Saturday, March 16, 2013

The need for more time and a feasibility study....

A group of supporters of the Forest Education Centre met yesterday to discuss timelines and visions. For all of us who want to save and repurpose the building, we recognize the need to widen our audience and explore all the possibilities to find its best new use. This is going to take some time, and thus our advocacy is focusing on engaging the Park Board by outlining to them the immense value of maintaining this building as well as halting the decision for now so that they can explore other options. 

Any new use will increase the Forest Centre's value as a heritage building. Logically the building will become, once again, a "learning centre," the use for which it was designed 40 years ago. First choice for tenants of the major part of the building could be groups involved with environmental sustainability; a second tier could be arts or cultural uses that would complement VanDusen Gardens' primary role.

A feasibility study would give potential partners an idea of how much money it would take to reverse its current state of long-deferred maintenance. That would set the stage for a Request for Proposals, seeking new occupants.

Stay tuned ... (don't touch that dial!)

The next public event that will include references to the Forest Centre is the tweetup at EastVanLove Volume 8: Journey to Now, at SFU Woodwards on April 11. Michael Kluckner, who has been involved with the awareness campaign about the Forest Centre, is the co-host.

A terrific set of pictures of the interior of the Forest Centre can be viewed on Jason Vanderhill's photoset.

Friday, March 1, 2013

Park Board staff's position



(Some notes from a meeting held on Tuesday, during which we put our position to them on the value of the Forest Education Centre)

In deciding to move ahead with the new Visitors Centre, they undertook to make it a "living building," which resulted in extra costs. Shortfalls in fundraising and cost overruns resulted in a smaller building than was originally planned. Thus, they needed to keep the Floral Hall to provide the space not built in the new centre, forcing extra expenses including a new roof – maintenance which had been deferred because the plan had been to demolish it.

Park Board has developed 3 options for the Forest Centre:
1) abandon/demolish
2) keep the washrooms only
3) keep about 1/4 of the building functioning: washrooms, mechanical and some storage (probably the theatre space), strip out the windows but maintain the roof and (probably) add a railing along the pond edge so that it becomes a kind of viewing platform.

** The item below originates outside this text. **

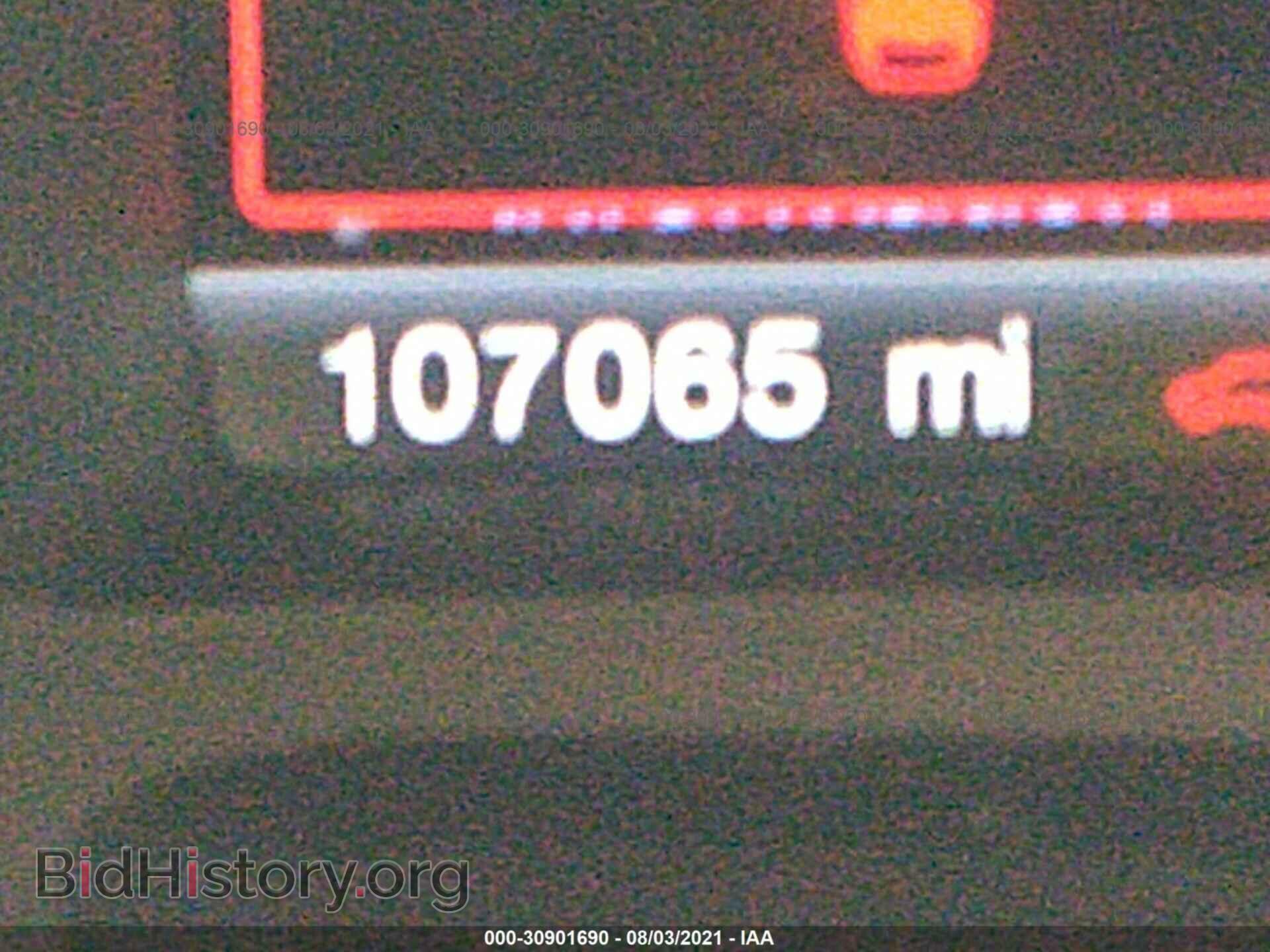 2013 FORD EDGE - VIN: 2FMDK3JC2DBC67260 - Photo 7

The third option is the one they're leaning to.

They estimate it would take about $800,000 to return the entire building to a functioning state, and about $30,000 per year in operating costs.

Park Board staff can't think of any programmatic reason to keep the Forest Centre, because it doesn't work well for any of the mandated VanDusen functions, and staff do not believe that the training/education/administration functions currently using the Forest Centre can't be accommodated in the other buildings.

The Park Board has no established policy about removing a square foot of building for every one built; however, they believe that every PB building is an "accessory to green space." So, buildings have to justify themselves programmatically or else be removed.

In the next couple of weeks staff and volunteer activities will move from the Forest Centre to the Floral Hall; within "a couple of months" they want to move forward on a resolution to the Forest Centre.

Park Board staff are open to the idea of partners, whether city (bringing with them other money from within the civic system) or private, subject to the use of the building being complementary to the PB mandate. An arts/culture use would be a possibility, but they 
would prefer environmental groups/programs as fitting more closely to the mandate.